Another swift change of scenery finds Superman about to engage Power Ring, who is emptying a bank, quite literally via a pair of massive emerald hands, of gold ingots.  The Man of Steel wrenches the bank building away and places it back onto its foundation.  He then flies toward Power Ring, confident that the ring's emanations will have no power on his invulnerable body.  Unfortunately, he is mistaken and the first blow sends him sprawling.  Krypton's favorite son briefly wonders whether the ring's powers could be gifted with magic or kryptonite, but has little time to consider matters.  He scoops up some of the golden bars from the bank and forms a massive shield, reasoning that yellow is the enemy of Green Lantern and therefore it may be the same for Power Ring.  Obviously he failed to notice that the massive hand created by Power Ring had no trouble scooping up the gold bars.  Power Ring sends a clear message by melting the shield with emerald flames.  Superman tries using a massive tree as a weapon, thinking that perhaps the wood weakness of Earth-Two's GL may be the answer, but Power Ring again demonstrates that this latest defense won't slow him down by chopping it up with a ring created buzz saw.  Finally, Superman triumphs by sucking the air around Power Ring into his mighty lungs, causing the Crime Syndicate member to black out, but once again the word "Volthoom!" is uttered. 

We now join our favorite Amazon Princess as she catches up with Superwoman, the only hero thus far to tackle their counterpart.  Another fierce but brief battle takes place and when Wonder Woman triumphs, successfully trussing Superwoman up in her golden lariat, the strange word is once again brought into play.

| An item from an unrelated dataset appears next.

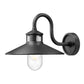 Z-Lite RLM 5027M-BK 1-Light Medium Bulb Base Aluminum Sand Black Frame Outdoor Wall Lighting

Now, we travel to Gotham City, where Owlman is robbing a jewel salon with the help of some knockout gas.  Green Lantern has arrived in time to absorb the gas and to place Owlman into a cage, but to his chagrin, he's made the bars too wide and the villain easily slips between them.  Owlman then uses his utility belt and draws his illumina-gun, but not before GL revamps the cage, making the bars much closer together and causing the villain to collide with them.  This time, however, the criminal vaults over the bars as the Emerald Gladiator has failed to put a ceiling on it.  Green Lantern then realizes that Owlman, with his super brain, has been manipulating his will.  He swiftly uses his ring to put a force field around his mind and then knocks his adversary out with a green boxing glove.  Owlman, however, is prepared.  "Even as my conscious mind blanks out under that blow—my sub-conscious mind will take over and put me into Earth-Three by making me say—Volthoom!"  Part II closes.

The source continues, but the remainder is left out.